Por: Charles Spurgeon
«Y te libraré de la mano de los malos, y te redimiré de la mano de los fuertes». Jeremías 15:21
Observa que la gloriosa personalidad que hace la promesa es Dios mismo. El propio Señor se interpone para librar y redimir a su pueblo. Él personalmente se compromete a librarlos: su propio brazo lo hará para que él reciba la gloria. Aquí no se dice ni una palabra de que sea necesario un esfuerzo de nuestra parte para ayudar al Señor.

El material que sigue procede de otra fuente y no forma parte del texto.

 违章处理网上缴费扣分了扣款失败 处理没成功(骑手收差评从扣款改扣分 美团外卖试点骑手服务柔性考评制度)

Ni nuestras fuerzas ni nuestras debilidades se toman en cuenta; sino solo a Dios, quien, como el sol en el cielo, resplandece con toda suficiencia. ¿Por qué, pues, calculamos nosotros nuestras fuerzas y consultamos con carne y sangre para nuestro mal? El Señor tiene suficiente poder y no necesita recurrir a nuestro débil brazo. ¡Silencio, incrédulo pensamiento, estate quieto y conoce que el Señor reina! Ninguna alusión hay en este versículo a los medios o las causas secundarias.
El Señor no dice nada de amigos y ayudadores: él emprende la obra solo y no siente necesidad de que lo ayuden brazos humanos. Vano es que esperemos en los compañeros y los parientes, pues si nos apoyamos en ellos serán como cañas cascadas. Si pueden ayudarnos, por lo regular, no querrán hacerlo; y si quieren, no podrán. Ya que la promesa viene de Dios, sería conveniente que esperásemos solo en él: cuando así lo hacemos, nuestra esperanza nunca se ve defraudada.

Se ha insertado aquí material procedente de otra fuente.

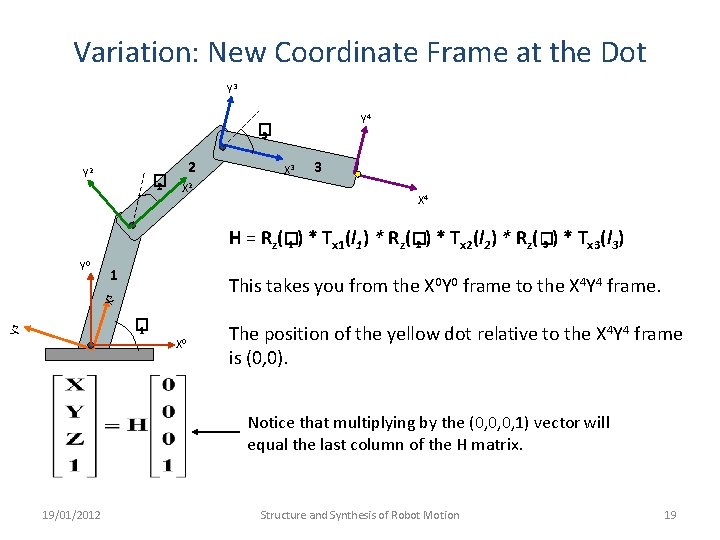 Variation: New Coordinate Frame at the Dot Y 3 Y 4 � 3 Y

¿Quiénes son los malvados para que los temamos? El Señor los consumirá enteramente. A los tales hay que compadecerlos más bien que temerlos. En cuanto a los fuertes, ellos solo espantan a quienes no tienen un Dios al que recurrir; pues si el Señor está de nuestro lado, ¿a quién podemos temer? Si nos exponemos a pecar con el fin de agradar al malvado, entonces sí tenemos motivo para alarmarnos; pero si nos aferramos a nuestra integridad, el furor de los tiranos se verá dominado para nuestro bien. Cuando el pez tragó a Jonás, halló en él un bocado que no fue capaz de digerir; y cuando el mundo devora a la Iglesia, sentimos un gran gozo al ver a esta librarse nuevamente de él. En todo período de prueba dura, con nuestra paciencia ganaremos nuestras almas (cf. Lc. 24:19).